After getting all that timeslot data from 1994-2000, I realized there’s not a ton of meaningful analysis to do on it beyond simply putting it together in a coherent format and eyeballing. It’s a big sample, but also one with a decent amount of variance that would need additional attributes added to each datapoint to do more with it. This is one of those cases where the raw data at a glance is more interesting than an analysis using more complex statistical tools. I don’t regret doing it* – I certainly learned a lot, and found some justification for one of my older articles.

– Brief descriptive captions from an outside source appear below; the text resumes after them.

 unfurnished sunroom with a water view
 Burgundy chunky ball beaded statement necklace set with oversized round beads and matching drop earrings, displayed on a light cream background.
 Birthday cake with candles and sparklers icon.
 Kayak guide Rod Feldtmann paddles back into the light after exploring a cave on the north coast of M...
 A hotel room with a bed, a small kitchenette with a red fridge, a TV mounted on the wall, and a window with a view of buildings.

At any rate, from 1994-1996, one anime series aired after midnight (Those Who Hunt Elves) among 113 total shows. From 1997-2000, 75 series aired after midnight among 250 total shows. That’s an average of about 75/250~30% of the content produced for TV those years. The two biggest contributors to that 75-show total were TV Tokyo (4 dedicated slots, 33 total shows) and TBS/MBS (24 total shows). Also of note is WOWOW’s temporary emergence as a viable anime broadcaster; they aired 36 shows over the latter period, many of which were notable.

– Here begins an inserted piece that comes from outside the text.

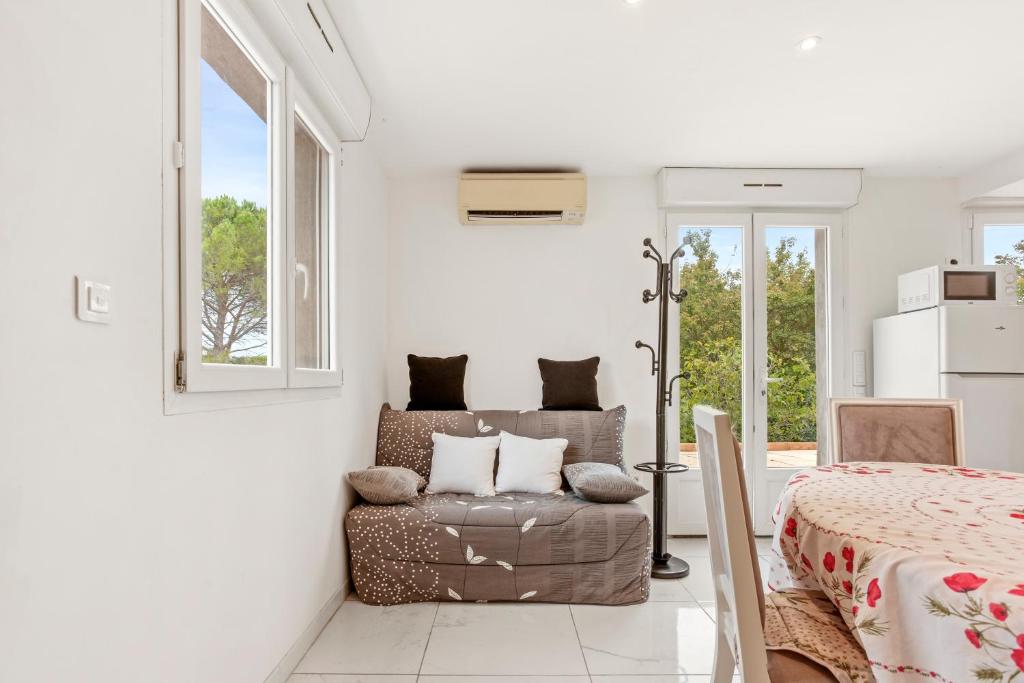 a living room with a chair and a bed at Charmant appartement avec terrasse in Brignoles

Between them, late night slots and WOWOW accounted for half of the ten 10k+ hits from that same 1997-2000 time period; Brain Powerd, Cowboy Bebop, Hand Maid May, Initial D, and To Heart. It’s not like none of these series or the other notable after-midnight shows wouldn’t have been made if not for the availability of late-night slots, but you could definitely pull out a counterfactual or five about how the industry would have been different if not for Eva and the late-90s late night boom it sparked. I think it suffices to say that they played a decently large role in opening up the field for a wider variety of shows – Cowboy Bebop is a clear example of a show that couldn’t be aired the way the creators wanted in a daytime network slot, and odds are at least some others would have faced similar difficulties. Too, a lot of the ideas that ended up becoming late-night shows were going to be in production phases may have become 2-3 episode OVAs instead, which would have been a waste of the late-cel era of animation. It’s fun to consider, at least.
*It’s basically the same thing I get out of magazine scans. Nothing so far has revolutionized my view of anime as a whole, but there’s a lot of omnipresent context that I can only begin to understand by absorbing gobs of information from a category I don’t normally specialize in. Same basic reason I’ve been reading the novel translations for Vamp and HaGaNai lately.